Die Islamische Republik Iran duldet keine Abweichungen von ihrer Staatsideologie. Es gibt Kreise innerhalb der Machtelite, die gerne ihre Vorstellungen von Lebensführung, Sexualität, Bekleidung, Verhalten oder Glaubensinhalten der gesamten Bevölkerung im Iran überstülpen wollen. Neben Bahai, Sunnis, Yogis oder Sufis, die eine brutale Kampagne gegen ihren Lebensstil und ihre Glaubensrichtung durchleben, gibt es auch weitere Gruppierungen, die verfolgt werden oder per Gesetz vom gesellschaftlichen Leben ausgeschlossen sind. Schwulen und Lesben droht laut Artikel 110 des Iranischen Strafgesetzbuchs die Todesstrafe. Viele von ihnen haben den Iran verlassen, um in Ländern Asyl zu suchen die mehr Toleranz anzubieten haben. Einer von ihnen ist Matin Yar, der in der Türkei auf die Gewährung seiner Asylbitte in einem westlichen Land zu leben, wartet. Das Interview soll einen kleinen Einblick in seine Situation gewähren. Die Verständigung mit Matin Yar war mit Hilfe von Saghi Ghahraman von der Iranian Queer Organisation in Kanada möglich, der wir auch gleich einige Fragen zu ihrer Arbeit gestellt haben.

mehriran.de: "Aus welcher Region Irans stammen Sie?"

Matin Yar: "Ich komme aus einem kleinen Dorf aus einer zentralen Provinz Irans. Dort habe ich meine Schule abgeschlossen."

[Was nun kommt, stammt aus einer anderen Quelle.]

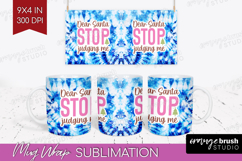 Funny Christmas Quote Mug Wrap - Tie Dye Mug PNG Sublimation Product Image 1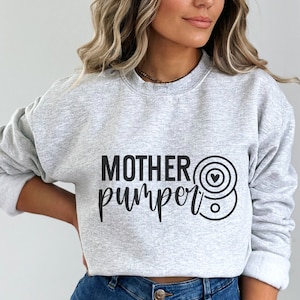 Mother Pumper SVG PNG, Amamentação svg, Milk Maker svg, Leite materno svg, Design de camiseta para amamentação
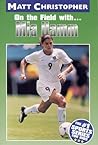Mia Hamm: On the Field with... (Matt Christopher Sports Bio Bookshelf)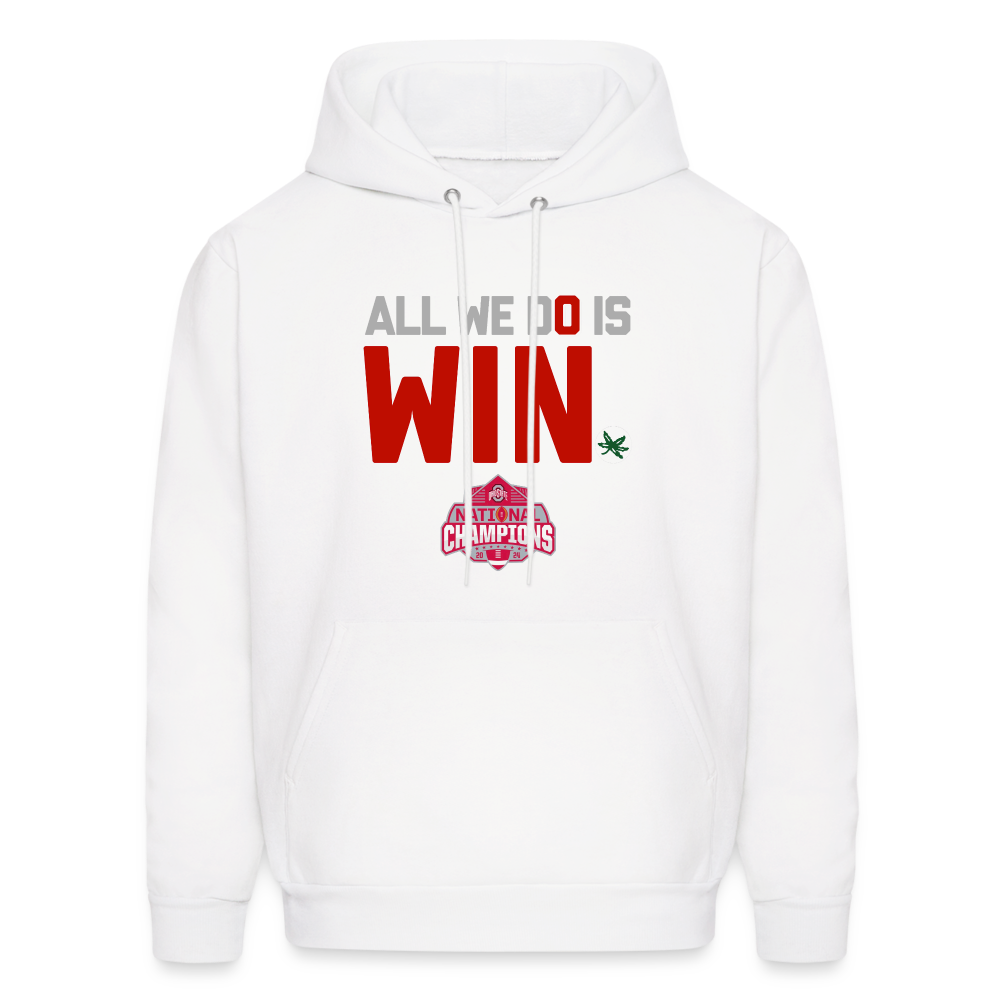 All We Do is Win Men's Hoodie - white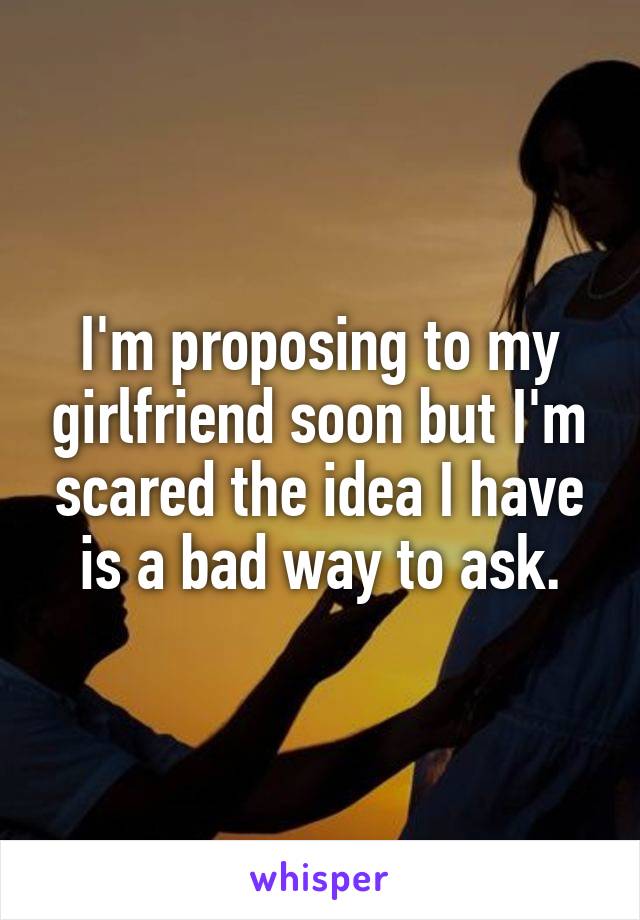 I'm proposing to my girlfriend soon but I'm scared the idea I have is a bad way to ask.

mehriran.de: "Was liegt im Iran gegen Sie vor?"

Matin Yar: "Ich war zu einem Verwandtenbesuch in einer nahen Kleinstadt, als ich verhaftet wurde. Man warf mir eine gleichgeschlechtliche Vergewaltigung vor, die ich nicht begangen habe und die ich gestanden habe, weil man mich so stark gefoltert hat, dass ich es nicht mehr aushalten konnte. Ich konnte nicht einmal das "Geständnis" unterschreiben, weil meine Hände so blutig und geschwollen vom Aufhängen und den Schlägen waren. Mein Vernehmungsbeamter hat dann das Geständnis unterschrieben."

mehriran.de: "Gibt es irgend etwas, was sie am Iran lieben?"

Matin Yar: "Gar nichts. Dieser Staat ist mir zuwider. "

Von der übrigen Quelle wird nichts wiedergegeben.